* WHAT IS EXPECTED *
Look through the records below for the line with "PayPal fee calculator page" and the line with "Ambulance met spoed", then return those lines and all lines between, exactly.

[Crawled caption data]
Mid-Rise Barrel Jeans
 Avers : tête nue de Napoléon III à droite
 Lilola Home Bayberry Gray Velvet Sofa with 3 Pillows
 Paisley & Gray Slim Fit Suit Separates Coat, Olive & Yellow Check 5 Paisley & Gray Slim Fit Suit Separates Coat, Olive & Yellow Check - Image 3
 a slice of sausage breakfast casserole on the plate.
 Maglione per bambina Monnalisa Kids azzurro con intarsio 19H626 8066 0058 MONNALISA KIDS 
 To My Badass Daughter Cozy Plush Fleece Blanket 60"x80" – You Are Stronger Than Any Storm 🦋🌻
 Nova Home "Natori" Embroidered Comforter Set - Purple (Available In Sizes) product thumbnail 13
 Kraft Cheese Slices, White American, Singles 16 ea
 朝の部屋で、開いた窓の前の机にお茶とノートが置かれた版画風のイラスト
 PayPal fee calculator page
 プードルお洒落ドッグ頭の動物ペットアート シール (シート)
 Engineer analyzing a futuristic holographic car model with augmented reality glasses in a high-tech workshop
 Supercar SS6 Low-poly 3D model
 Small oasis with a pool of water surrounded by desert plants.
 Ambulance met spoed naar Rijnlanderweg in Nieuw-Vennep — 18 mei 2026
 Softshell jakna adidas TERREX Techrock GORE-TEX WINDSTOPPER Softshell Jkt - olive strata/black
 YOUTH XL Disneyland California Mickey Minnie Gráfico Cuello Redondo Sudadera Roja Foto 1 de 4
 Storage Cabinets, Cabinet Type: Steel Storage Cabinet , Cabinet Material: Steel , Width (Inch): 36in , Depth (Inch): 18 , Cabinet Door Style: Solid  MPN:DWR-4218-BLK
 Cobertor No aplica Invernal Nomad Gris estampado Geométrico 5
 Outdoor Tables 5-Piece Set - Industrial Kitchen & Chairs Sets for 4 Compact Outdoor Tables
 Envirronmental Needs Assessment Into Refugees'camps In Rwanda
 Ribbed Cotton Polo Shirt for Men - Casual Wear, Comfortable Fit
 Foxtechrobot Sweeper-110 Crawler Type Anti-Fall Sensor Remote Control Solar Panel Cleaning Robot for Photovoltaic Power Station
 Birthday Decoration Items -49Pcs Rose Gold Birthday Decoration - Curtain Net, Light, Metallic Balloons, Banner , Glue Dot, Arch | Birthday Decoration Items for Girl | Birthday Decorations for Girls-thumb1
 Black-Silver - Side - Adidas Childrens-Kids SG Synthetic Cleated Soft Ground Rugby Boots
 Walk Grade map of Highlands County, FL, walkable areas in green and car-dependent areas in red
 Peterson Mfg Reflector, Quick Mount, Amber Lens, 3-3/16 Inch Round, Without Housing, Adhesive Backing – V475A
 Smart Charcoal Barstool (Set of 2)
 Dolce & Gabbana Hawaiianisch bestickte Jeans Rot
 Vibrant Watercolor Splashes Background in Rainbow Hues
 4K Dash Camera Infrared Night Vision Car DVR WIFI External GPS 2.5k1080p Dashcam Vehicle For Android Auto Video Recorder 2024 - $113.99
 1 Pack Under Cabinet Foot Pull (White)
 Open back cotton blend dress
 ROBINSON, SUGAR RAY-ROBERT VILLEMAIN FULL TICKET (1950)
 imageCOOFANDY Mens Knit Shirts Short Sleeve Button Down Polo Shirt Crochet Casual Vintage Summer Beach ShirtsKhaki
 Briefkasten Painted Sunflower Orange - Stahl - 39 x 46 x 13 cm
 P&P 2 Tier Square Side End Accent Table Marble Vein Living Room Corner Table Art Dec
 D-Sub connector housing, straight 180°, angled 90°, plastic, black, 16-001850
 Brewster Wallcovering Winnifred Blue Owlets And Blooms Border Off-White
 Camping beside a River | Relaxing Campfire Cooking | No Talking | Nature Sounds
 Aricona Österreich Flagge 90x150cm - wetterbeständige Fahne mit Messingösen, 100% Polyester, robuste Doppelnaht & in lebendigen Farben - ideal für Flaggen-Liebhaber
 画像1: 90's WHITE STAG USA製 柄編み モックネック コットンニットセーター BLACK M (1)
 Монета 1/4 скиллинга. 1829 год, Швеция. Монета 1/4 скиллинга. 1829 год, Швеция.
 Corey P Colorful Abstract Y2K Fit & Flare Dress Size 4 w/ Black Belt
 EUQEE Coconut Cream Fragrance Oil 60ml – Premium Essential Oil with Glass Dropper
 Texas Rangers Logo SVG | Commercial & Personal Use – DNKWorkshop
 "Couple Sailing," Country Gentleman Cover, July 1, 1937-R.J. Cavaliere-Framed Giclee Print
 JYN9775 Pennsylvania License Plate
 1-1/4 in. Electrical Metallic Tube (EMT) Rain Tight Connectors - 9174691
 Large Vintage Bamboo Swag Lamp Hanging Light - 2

* REPLY *
 PayPal fee calculator page
 プードルお洒落ドッグ頭の動物ペットアート シール (シート)
 Engineer analyzing a futuristic holographic car model with augmented reality glasses in a high-tech workshop
 Supercar SS6 Low-poly 3D model
 Small oasis with a pool of water surrounded by desert plants.
 Ambulance met spoed naar Rijnlanderweg in Nieuw-Vennep — 18 mei 2026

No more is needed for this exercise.